Commonly prescribed aminosalicylates include mesalazine (also known as mesalamine), olsalazine, and sulfasalazine. These medications are available in various formulations, including oral tablets, capsules, and rectal suppositories or enemas. The choice of formulation depends on the severity and location of the disease within the gastrointestinal tract.
The use of aminosalicylates has been shown to effectively induce and maintain remission in patients with IBDs. They are generally well-tolerated, with few reported side effects. However, as with any medication, individuals may experience mild adverse reactions, such as nausea, abdominal discomfort, or headaches.
In conclusion, aminosalicylates are a crucial class of pharmaceutical APIs utilized in the treatment of inflammatory bowel diseases. Their anti-inflammatory properties and targeted action on the gastrointestinal tract make them valuable therapeutic options for managing these chronic conditions. Proper usage of aminosalicylates, as directed by healthcare professionals, can significantly improve the quality of life for individuals living with IBDs.
Aminosalicylic Acid (Aminosalicylates), classified under Anti-inflammatory Agents
Anti-inflammatory agents are a crucial category of pharmaceutical active pharmaceutical ingredients (APIs) used to treat various inflammatory conditions. These agents play a vital role in alleviating pain, reducing swelling, and controlling inflammation in the body.
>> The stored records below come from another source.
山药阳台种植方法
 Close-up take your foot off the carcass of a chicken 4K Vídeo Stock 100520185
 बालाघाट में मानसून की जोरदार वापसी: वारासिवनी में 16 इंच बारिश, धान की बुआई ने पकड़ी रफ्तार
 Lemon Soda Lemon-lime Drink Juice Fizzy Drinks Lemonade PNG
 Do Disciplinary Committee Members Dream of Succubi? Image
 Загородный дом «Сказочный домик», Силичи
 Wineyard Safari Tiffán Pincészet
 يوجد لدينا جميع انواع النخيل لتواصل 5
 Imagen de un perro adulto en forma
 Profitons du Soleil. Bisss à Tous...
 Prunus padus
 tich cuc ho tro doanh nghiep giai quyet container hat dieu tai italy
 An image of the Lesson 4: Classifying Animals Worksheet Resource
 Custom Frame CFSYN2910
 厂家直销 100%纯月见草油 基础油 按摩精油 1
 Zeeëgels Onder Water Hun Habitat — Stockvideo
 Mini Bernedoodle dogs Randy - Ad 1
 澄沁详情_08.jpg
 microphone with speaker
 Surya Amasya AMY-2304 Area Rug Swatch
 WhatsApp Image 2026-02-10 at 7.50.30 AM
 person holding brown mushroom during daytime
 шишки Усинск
They are widely employed in the management of diverse medical conditions, including arthritis, autoimmune disorders, asthma, and skin conditions like dermatitis.
Anti-inflammatory APIs primarily function by inhibiting the production of specific enzymes called cyclooxygenases (COX) and lipoxygenases (LOX). These enzymes are responsible for the synthesis of pro-inflammatory molecules known as prostaglandins and leukotrienes, respectively. By suppressing the activity of COX and LOX, anti-inflammatory agents effectively curtail the production of these inflammatory mediators, thereby mitigating inflammation.
Common examples of anti-inflammatory APIs include non-steroidal anti-inflammatory drugs (NSAIDs) like ibuprofen, aspirin, and naproxen. These agents exhibit analgesic, antipyretic, and anti-inflammatory properties. Another group of anti-inflammatory APIs includes corticosteroids, such as prednisone and dexamethasone, which are synthetic hormones that modulate the body's immune response to control inflammation.
In conclusion, anti-inflammatory agents are a vital category of pharmaceutical APIs widely used to manage inflammation-related disorders. They target enzymes involved in the synthesis of pro-inflammatory molecules, effectively reducing pain and swelling. NSAIDs and corticosteroids are commonly prescribed anti-inflammatory APIs due to their efficacy in controlling inflammation.
Aminosalicylic Acid API manufacturers & distributors
Compare qualified Aminosalicylic Acid API suppliers worldwide. We currently have 1 companies offering Aminosalicylic Acid API, with manufacturing taking place in 1 different countries. Use the table below to review supplier type, countries of origin, certifications, product portfolio and GMP audit availability.
| Supplier | Type | Country | Product origin | Certifications | Portfolio |
|---|---|---|---|---|---|
| SETV Global | Producer | India | India | CoA, FDA, GMP | 515 products |
When sending a request, specify which Aminosalicylic Acid API quality you need: for example EP (Ph. Eur.), USP, JP, BP, or another pharmacopoeial standard, as well as the required grade (base, salt, micronised, specific purity, etc.).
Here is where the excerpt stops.